Since 2008 would have been the first year in which such reports were due, 2010 was the first year in which any organization subject to the requirement could have missed three reports in a row. And the reports’ due date for organizations using the calendar year as their tax year was May 17. (The filing due date for annual tax returns is the 15th day of the 5th month after an organization’s tax year ends.)
Apparently the IRS was concerned that there were a significant number of such entities at risk, so it went all out to spread the word in the weeks prior to May 17. The May 17 deadline came and went, and (according to the IRS) more than 300,000 organizations still failed to get their reports in as required. Cream puff push-overs that they are, the IRS has decided to give entities which missed the deadline yet another swing at the ball – in the form of a two-part program that allows them to seek reinstatement of their tax exempt status without starting all over again from scratch with the application process for tax-exempt status.
The first component of the program affects organizations with gross receipts of less than $25,000 per year (again, churches or church-related entities are not included here). They need only file an e-postcard tax return (IRS Form 990-N) to stay tax exempt.

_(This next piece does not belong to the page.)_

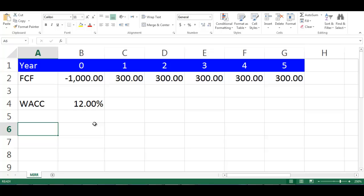Let's assume we have a project lifetime of 5 years, and the incremental free cash flows of each year, and WACC of the project.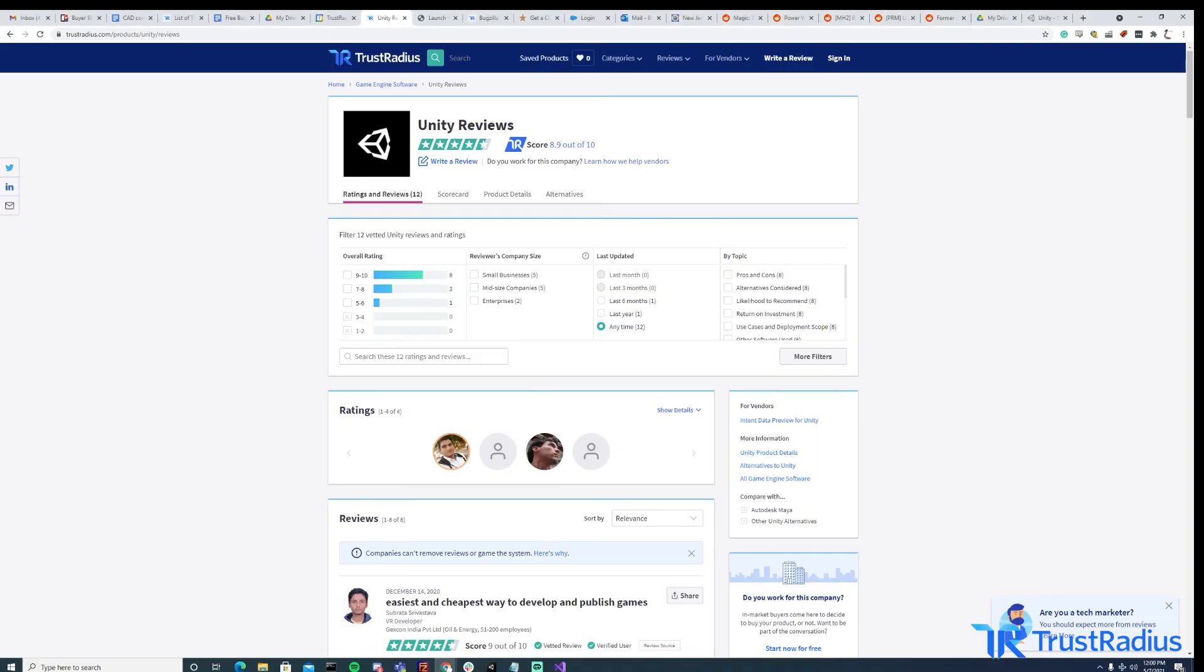If you liked this video and you want to see more content like it, consider hitting the subscribe button so that you never miss an upload. And if you're considering using Unity, but you're on the fence, consider checking out some verified user reviews of the software on TrustRadius.com. All reviews on TrustRadius are from real users who share their thoughts on software based on their use case and experience.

The second part of the relief program targets larger organizations that qualify to file their annual tax returns on IRS Form 990-EZ. These entities must jump though a few more hoops and pay a small compliance fee. But even this more complicated process is much less burdensome than applying all over again for tax-exempt status. The deadline to take advantage of either of these easy-pitch second chances is October 15.
Some tax-exempt organizations – the ones whose tax year is not the same as the calendar year – may not have automatically lost their tax-exempt status yet. The IRS website includes lists (organized by state) of organizations which are “at risk” of automatic expiration. (According to the IRS, the lists include “organizations for which the IRS does not have a record of a required annual filing for 2007 and 2008, and whose 2009 return, due on or after May 17 and before October 15, 2010, has not yet been received.” Note, however, that the IRS specifically warns that its lists may be incomplete, and that organizations not included in the lists may nonetheless be “at risk”.) A word to the wise: a quick look-see through a few of the lists on the IRS website found the names of some broadcasters who may be “at risk”.
We’re not tax lawyers – we don’t even play tax lawyers on TV – so anyone possibly subject to the automatic loss of exemption should consult tax counsel pronto. You can also get more information about the IRS’s voluntary compliance program at its website. Tax-exempt status confers many benefits upon an organization. A few minutes spent checking to make sure that a tax-exempt organization (OTHER THAN churches or church-related organizations) with which you are involved is in compliance with its reporting obligations could allow it to avoid losing its tax-exempt status.